Reputation: 23
I'm working on a script that will predict the used disk space % on a server given a future date. The Use% is grabbed 1x/day from this command as in the below:
$ df -h
Filesystem Size Used Avail Use% Mounted on
/dev/sda3 30G 24G 4.4G 85% /
and recorded along with the date. The script is in Python and the short of it is im getting a very low score when I use LinearRegression as my classifier. The code is below:
import pandas as pd
import numpy as np
from sklearn import preprocessing, cross_validation, svm
from sklearn.linear_model import LinearRegression
# list of tuples whose format is (day_of_month, percent_used)
results = [(1, 83), (2, 87), (3, 87), (4, 87), (5, 89), (6, 88), (7, 83), (8, 75), (9, 73), (10, 73), (11, 74), (12, 77), (13, 77), (14, 79), (15, 79), (16, 79), (17, 79), (18, 79), (19, 80), (21, 80), (22, 81), (23, 84), (24, 85), (25, 85), (26, 85), (27, 85), (28, 85)]
labels = ['day', 'pct_used']
df = pd.DataFrame.from_records(results, columns=labels)
# convert list of days into a numpy array and reshape
X = np.array(df['day']).reshape(-1,1)
y = np.array(df['pct_used'])
X_train, X_test, y_train, y_test = cross_validation.train_test_split(X, y, test_size=0.4)

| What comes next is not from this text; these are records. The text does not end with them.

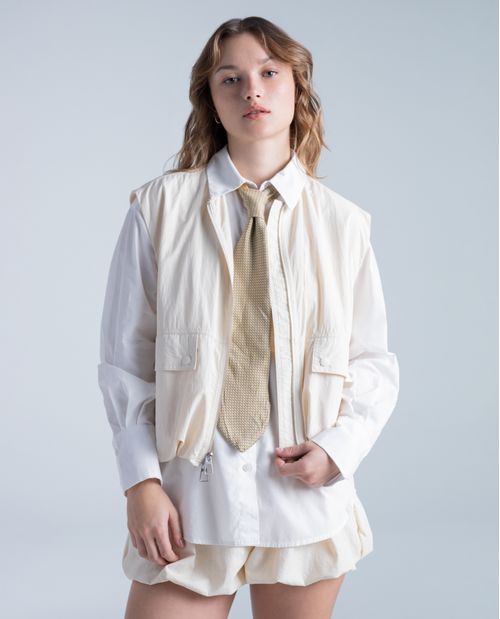 Chaleco regular nylon con bolsillos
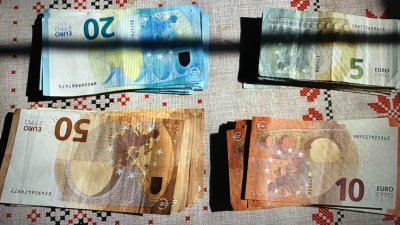 Още двама задържани за купуване на гласове в Монтанско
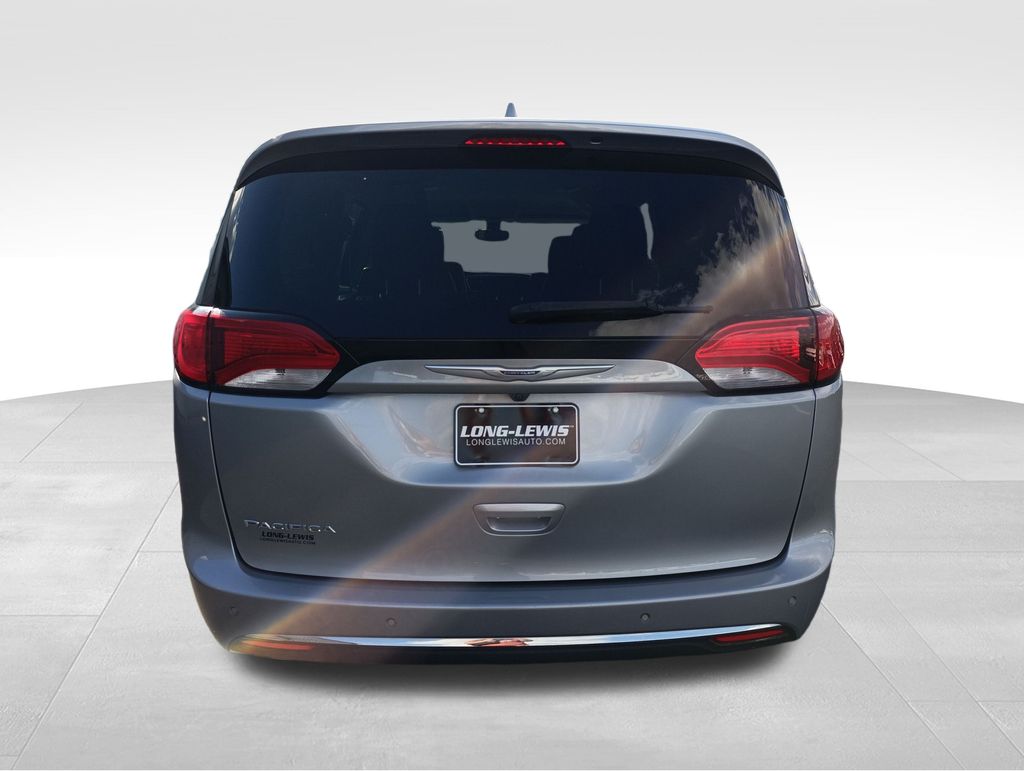 2018 Chrysler Pacifica Touring Plus photo 3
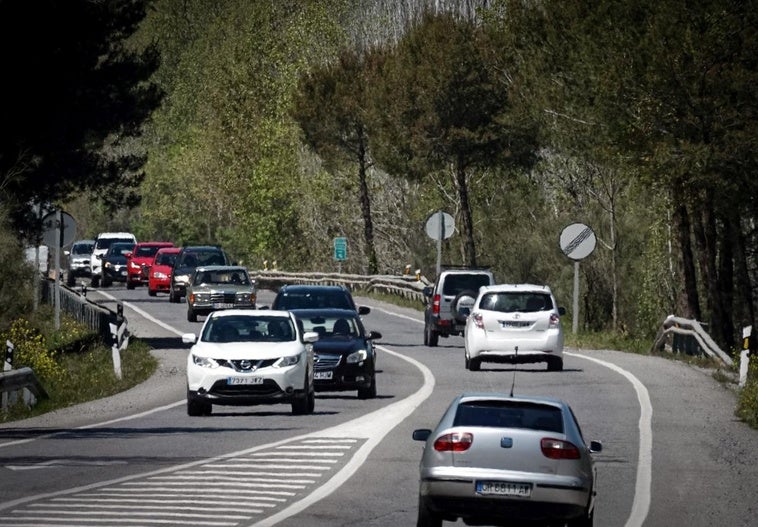 Fomento adjudica la obra de la carretera de Sierra Nevada, que empezará en noviembre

clf = LinearRegression(n_jobs=-1)
clf.fit(X_train, y_train)
print clf.score(X_test, y_test)
# predict day 30's pct_used value
print clf.predict(np.array([30]).reshape(-1,1))
and it outputs:
-0.19521578836110454
[81.22057369]
where the clf.score
is negative each time. I would like to get it positive and at least .95 or higher so I can be confident in the prediction. I'm not sure if Im using the wrong classifier, needing more data, needing more features, or doing something else wrong in the code.
Something interesting I've found is if I change the initial list of results to have more linearly increasing pct_used, eg:
results = [(1, 73), (2, 73), (3, 74), (4, 75), (5, 76), (6, 77), (7, 78), (8, 78), (9, 80), (10, 80), (11, 81), (12, 82), (13, 83), (14, 84), (15, 85), (16, 85), (17, 85), (18, 86), (19, 86), (21, 87), (22, 88), (23, 89), (24, 89), (25, 90), (26, 91), (27, 91), (28, 92)]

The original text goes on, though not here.